■ MATERIAL FOR THIS EXERCISE
##########

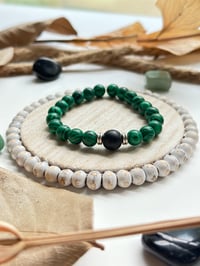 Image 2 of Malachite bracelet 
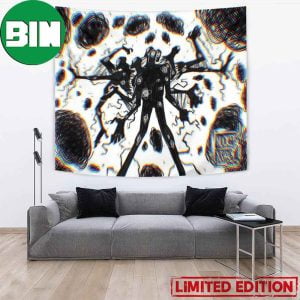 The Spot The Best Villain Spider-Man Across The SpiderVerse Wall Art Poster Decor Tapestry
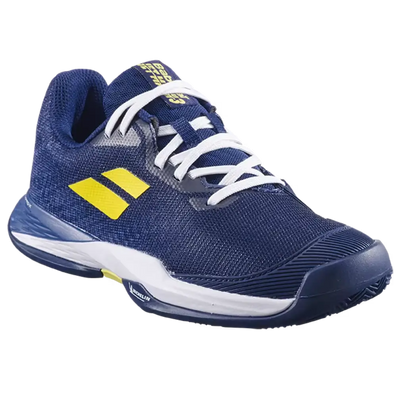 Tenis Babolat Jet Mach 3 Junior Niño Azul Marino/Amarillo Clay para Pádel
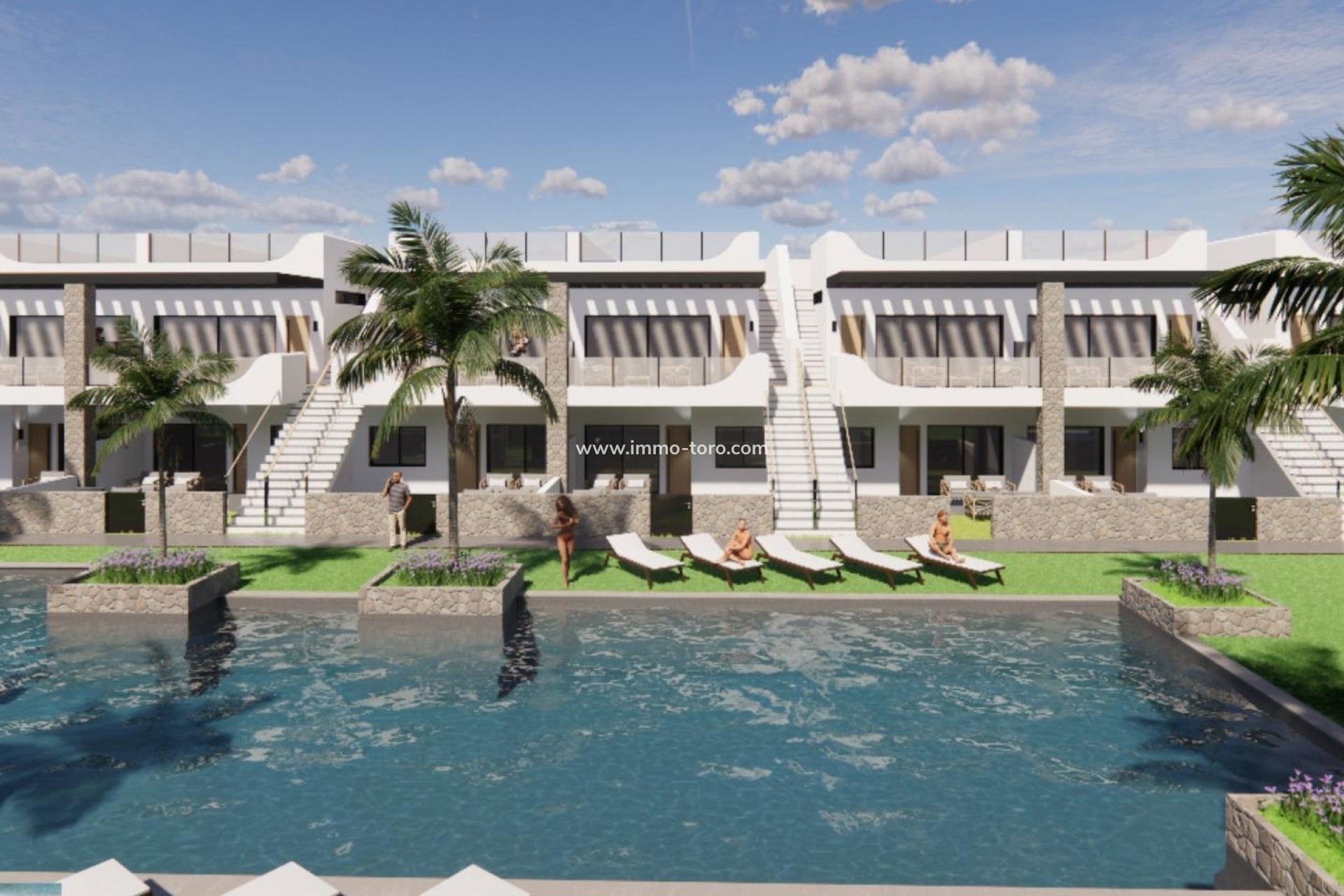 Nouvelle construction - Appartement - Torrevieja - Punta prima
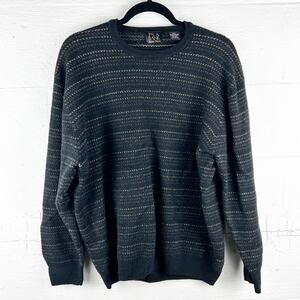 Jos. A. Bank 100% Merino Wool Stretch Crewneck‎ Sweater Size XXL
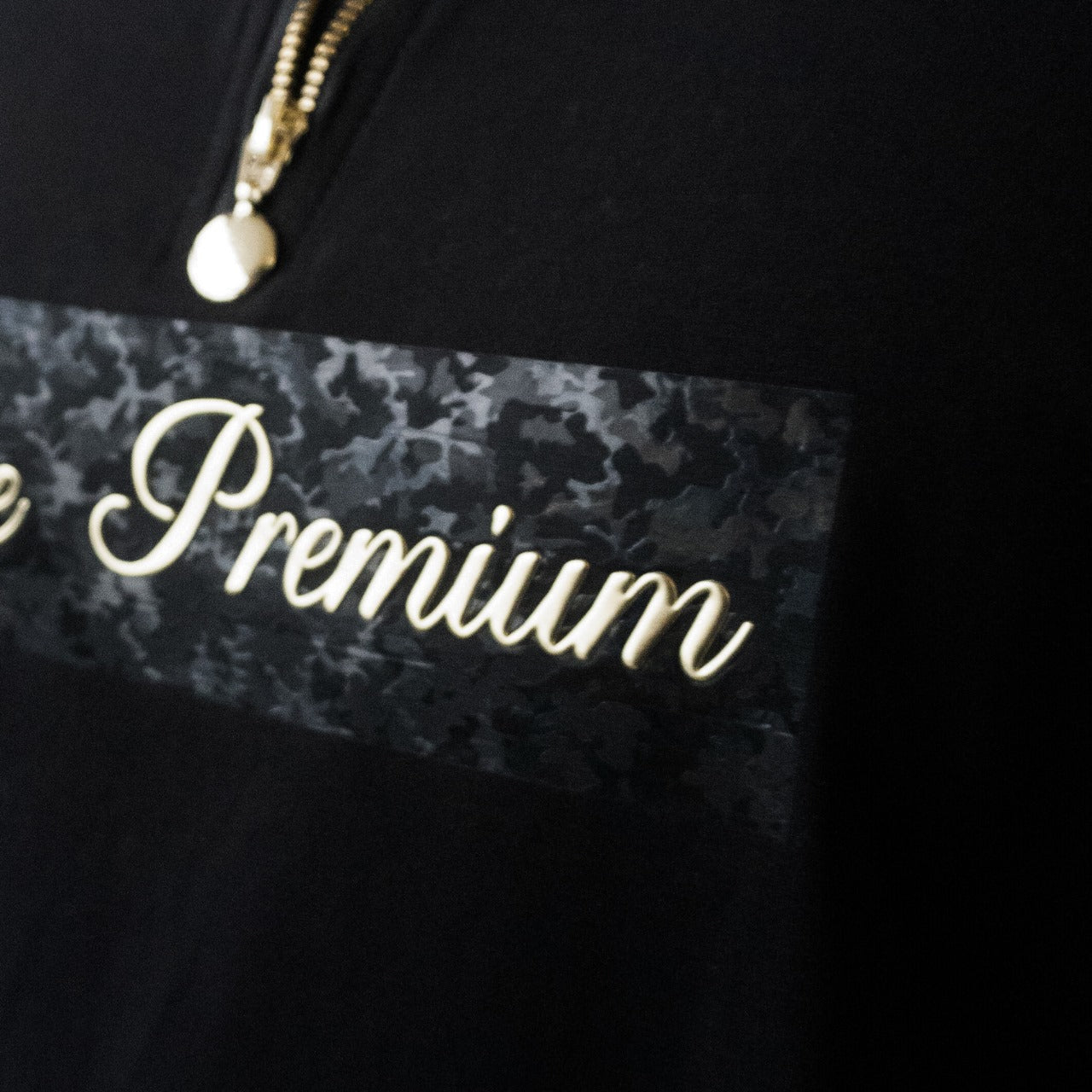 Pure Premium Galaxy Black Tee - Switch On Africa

##########

■ EXERCISE PROMPT
Omit the pictures and please write out exactly the lines between the one containing "Nouvelle construction - Appartement" and the last line of the entries, both included.

■ YOUR SOLUTION
 Nouvelle construction - Appartement - Torrevieja - Punta prima
 Jos. A. Bank 100% Merino Wool Stretch Crewneck‎ Sweater Size XXL
 Pure Premium Galaxy Black Tee - Switch On Africa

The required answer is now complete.